Coinbase Global (COIN -1.17%), the biggest American cryptocurrency exchange, has had a terrible year so far. Coinbase has dominated headlines in 2022 thanks to disappointing first-quarter earnings, a hiring freeze followed by broad layoffs, and macroeconomic factors that have sent crypto into a tailspin. Analysts and investors alike tend to conflate Coinbase with crypto and crypto markets – but it is time to separate Coinbase from crypto and ask some hard questions about the company’s strategy, instead of assuming that its shortcomings are merely reflections of crypto volatility.
The company’s first-mover advantage is evaporating, and this is particularly concerning due to its revenue mix. Yet Coinbase’s strategy depends on an indefinite first-mover advantage. How did it get to this point?

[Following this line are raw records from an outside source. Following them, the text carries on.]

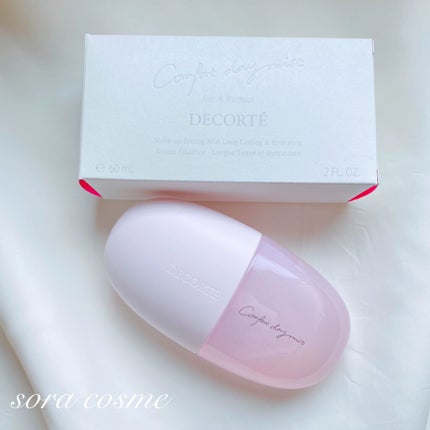 コンフォート デイミスト セット&プロテクト/DECORTÉ/ミスト状化粧水を使ったクチコミ(3枚目)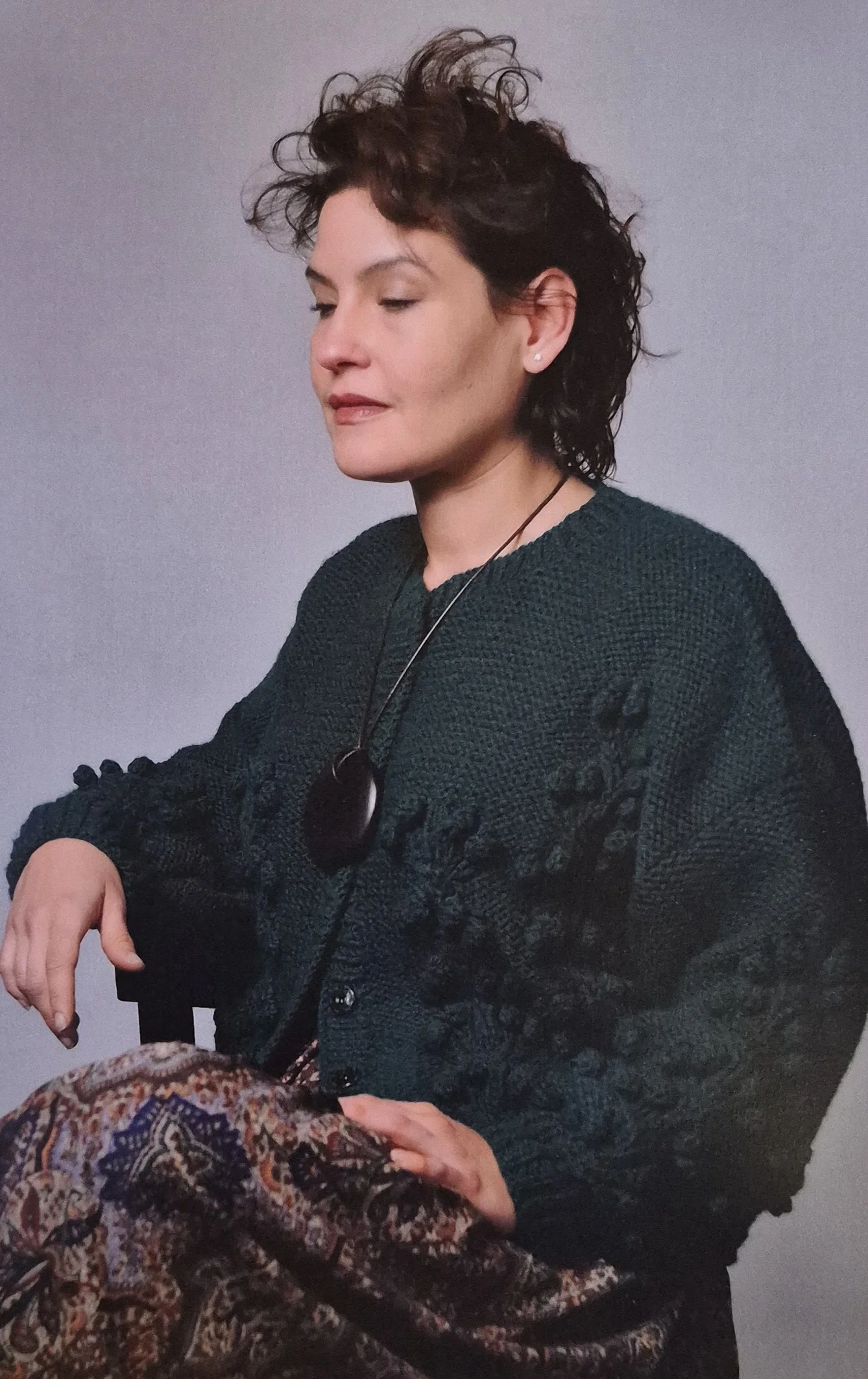 Livre tricots et philosophie lang yarns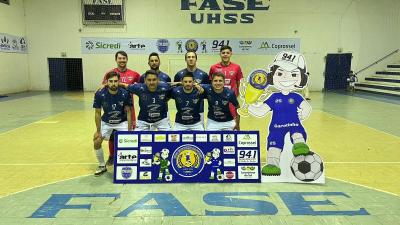Definidos os duelos da 2Âª fase da Copa Garotinho de Futsal Adulto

Coinbase was a first mover in cryptocurrency
Coinbase’s role in shaping crypto markets and adoption cannot be overstated. Founded in 2012, a time when most lay-people had only heard of Bitcoin in the context of the dark web, Coinbase developed one of the first US-based cryptocurrency exchanges. Crucially, Coinbase targeted the self-directed individual investor, which opened up cryptocurrency to markets beyond the digital subcultures of the tech-savvy enthusiasts who had been involved in Bitcoin since its inception. These factors gave it a moat by default during a time when it had very few competitors. For many years, Coinbase’s role as a fiat on-ramp through which investors could change dollars to Bitcoin or Ethereum allowed US-based investors to buy crypto with ease. It’s indisputable that Coinbase has played a powerful role in driving broader interest in cryptocurrency investing, as well as in bringing institutional money into cryptocurrency. But does its first-mover role still matter in today’s cryptocurrency landscape?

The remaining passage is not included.